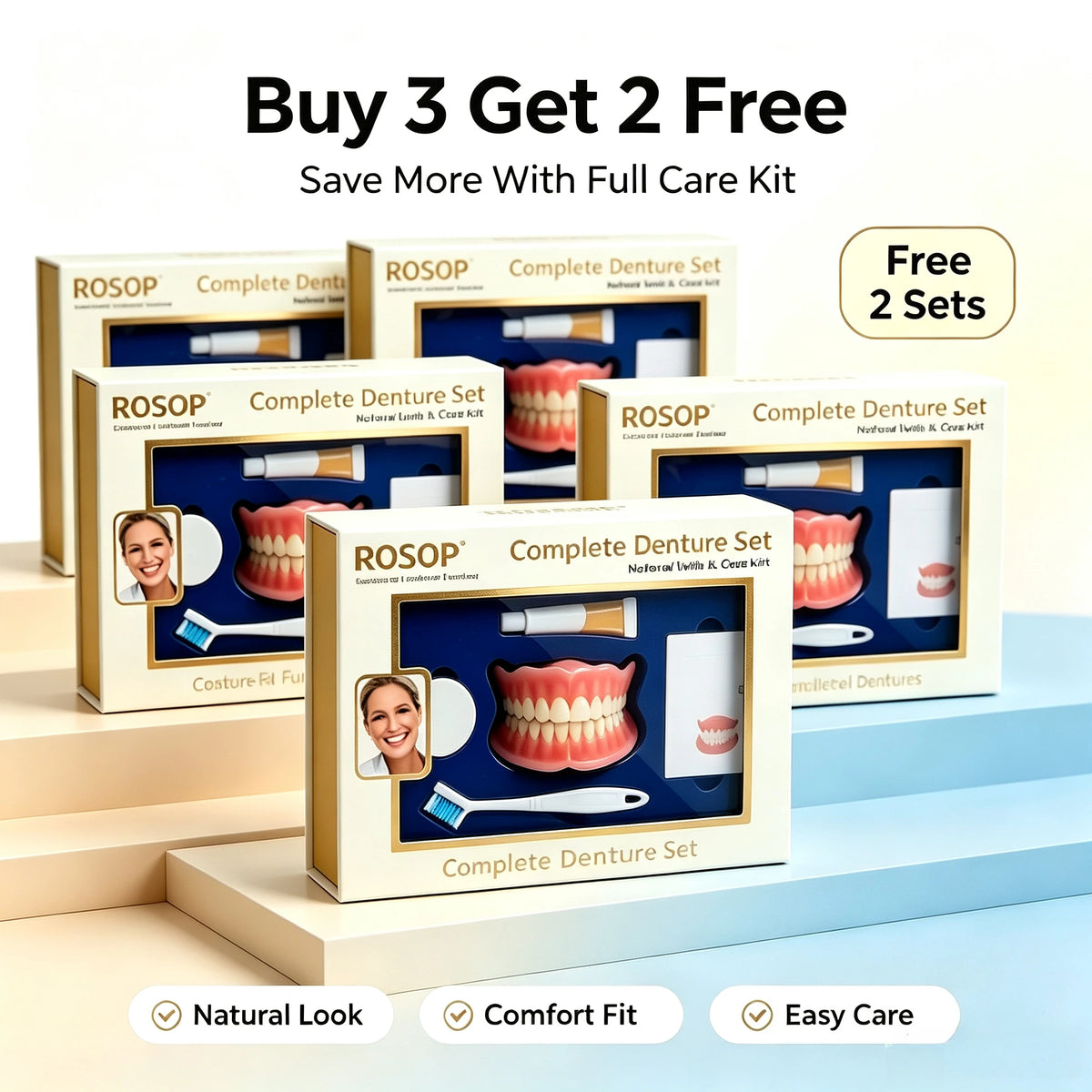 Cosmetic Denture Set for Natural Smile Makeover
* * *
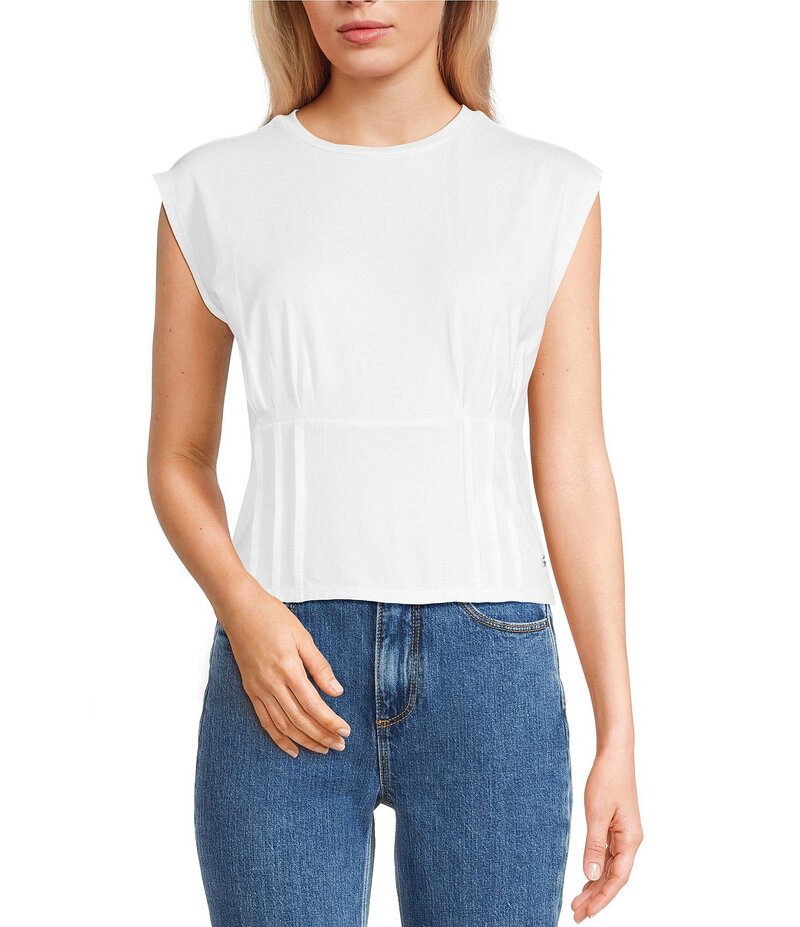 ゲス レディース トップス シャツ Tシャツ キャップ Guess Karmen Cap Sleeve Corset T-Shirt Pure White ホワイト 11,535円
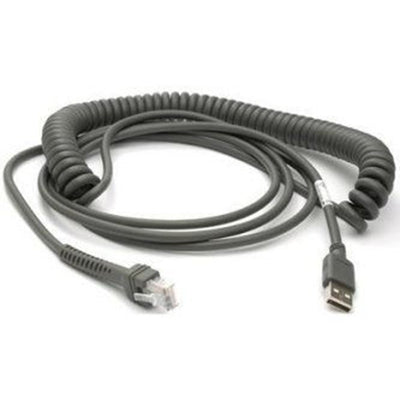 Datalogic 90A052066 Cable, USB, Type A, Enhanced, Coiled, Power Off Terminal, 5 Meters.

• EXERCISE INSTRUCTIONS: Using the listing above, restate exactly the range between the lines holding "ゲス レディース トップス" and "Datalogic 90A052066 Cable, USB, Type", inclusive, with pictures left out.

• EXPECTED ANSWER:
 ゲス レディース トップス シャツ Tシャツ キャップ Guess Karmen Cap Sleeve Corset T-Shirt Pure White ホワイト 11,535円
 Datalogic 90A052066 Cable, USB, Type A, Enhanced, Coiled, Power Off Terminal, 5 Meters.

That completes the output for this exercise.